> **Problem statement**
Pictures aside, reproduce exactly and only the lines below, starting at the one containing "1240009001650 3 Louis" and ending at the last line.

> **Dataset content**
****************************************
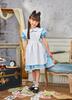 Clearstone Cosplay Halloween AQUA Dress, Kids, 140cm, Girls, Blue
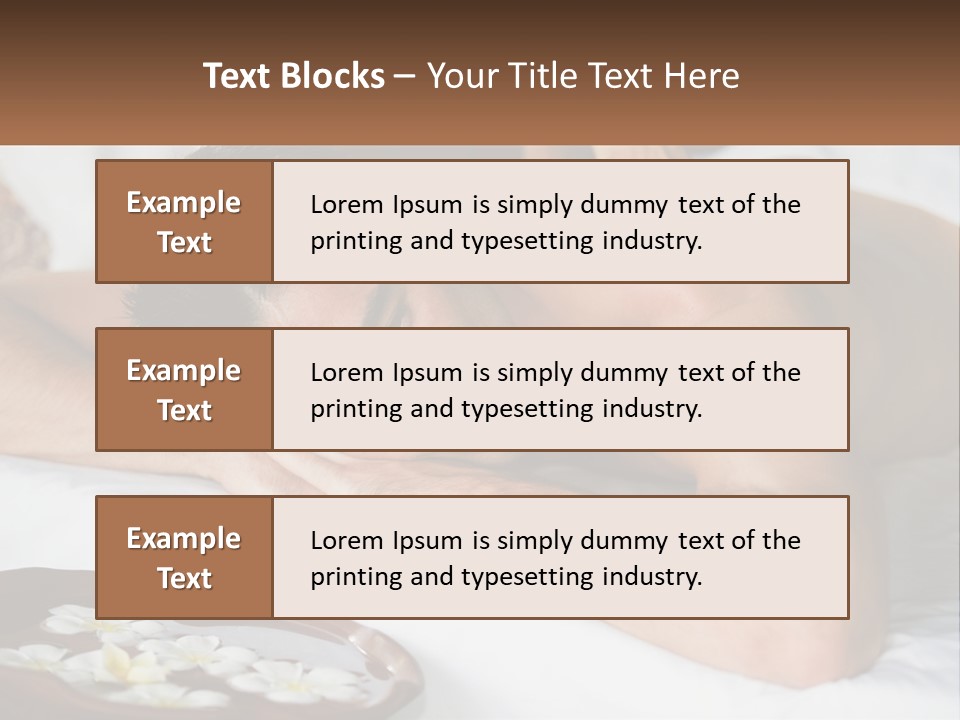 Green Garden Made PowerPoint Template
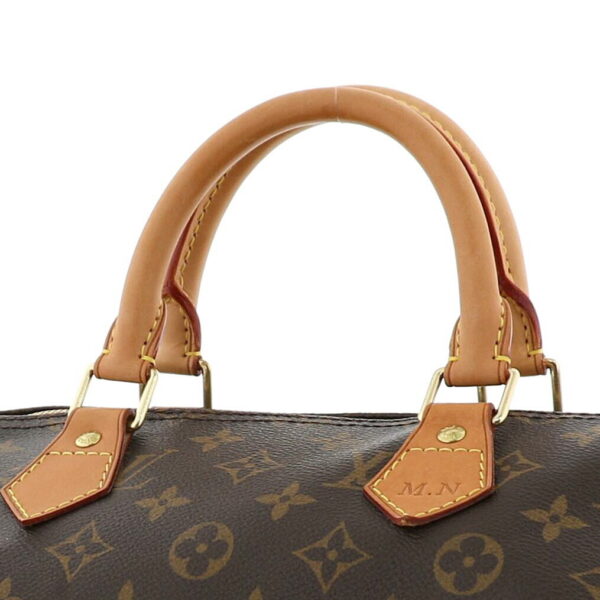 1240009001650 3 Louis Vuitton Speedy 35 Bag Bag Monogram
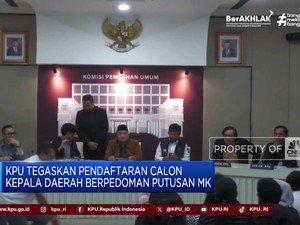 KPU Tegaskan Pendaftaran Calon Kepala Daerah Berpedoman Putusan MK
****************************************
> **Final answer**
 1240009001650 3 Louis Vuitton Speedy 35 Bag Bag Monogram
 KPU Tegaskan Pendaftaran Calon Kepala Daerah Berpedoman Putusan MK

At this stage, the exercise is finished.